Michael R. Morris
Those of us who feel like we're pretty good at our jobs tend to subscribe to the theory that if you want something done right, you've got to do it yourself. We are commonly known as workaholics.
Then there are the smart folks who hire good people, train them well and delegate important duties to them. If you're a member of the former group and would like to get control of your hectic life as well as continue to succeed in business, I suggest you read a couple of articles in this month's issue.
I would start by reading about the growth strategy of our 2007 Remodeler of the Year, Normandy Builders. Normandy, a wildly successful Chicago remodeling firm, got that way because the company's founders, Jack Steindl and Reg Marzec, carried the load for most of the last 28 years themselves.
As the company grew, however, they realized they needed to delegate some of what they had personally attended to from the beginning to others. This not only allowed them to leave behind the crazy 70-hour work weeks that many young entrepreneurs carry; it also allowed their company to grow and prosper to the point that they were, frankly, an easy choice to receive this year's honor.
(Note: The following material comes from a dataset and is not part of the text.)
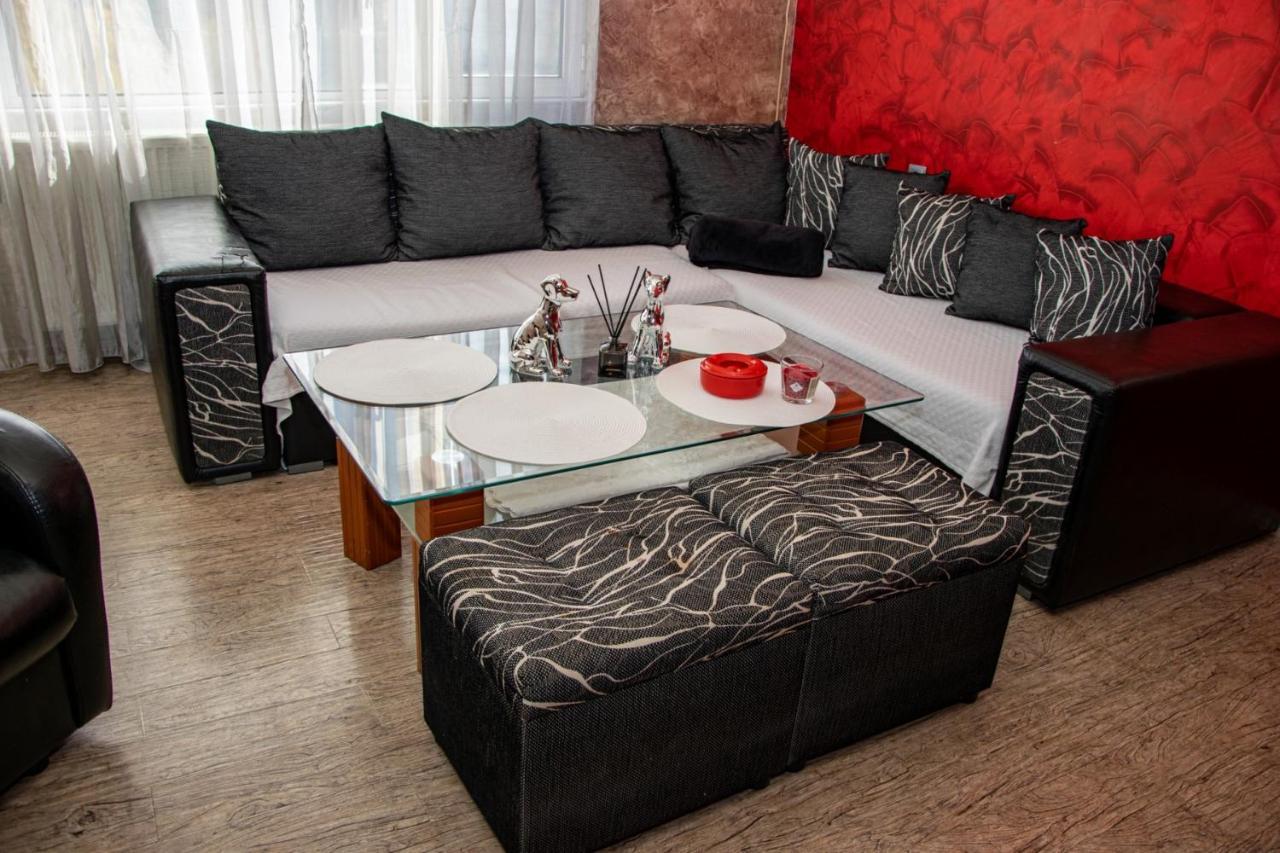 Vilhelmov'S Apartament Lukovit Eksteriør billede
"Bringing Dan (Schoendorff) and Laurie (Camp) aboard have been very important," Steindl says of Normandy's new sales director and marketing director. "They are approaching their roles in a much more professional way than we ever did. Laurie knows her way around after working at an advertising agency, and the fact that she's focusing on it every day, rather than when we would treat (marketing) as a side, side, side issue, makes a big difference.
"Every day she's thinking of new ads, new concepts and going over the bills, and that was one of my duties in the past. I probably didn't spend two hours a week on it, so there's a great big difference in how much time is being spent on that stuff. Our lead count is up, thanks to Laurie, and our closing ratio, which I give Dan credit for, is going down. And those are two nice things right there."
Founded in 1979, Normandy is a great example of a mature remodeling firm that has benefitted from delegation. This month's Remodelers' Exchange features two relatively young remodelers whose organizations are improving thanks to their willingness and ability to coach their employees and delegate responsibilities.
"In 2004 and 2005, I was the project manager/bookkeeper/plumber/salesperson/carpenter," says Greg Rittler, owner of Kanon Group in Towson, Md. "You name it, and I did it. I was really pulling my hair out."
If this sounds at all like you, maybe your New Year's resolution should be to start delegating in 2008.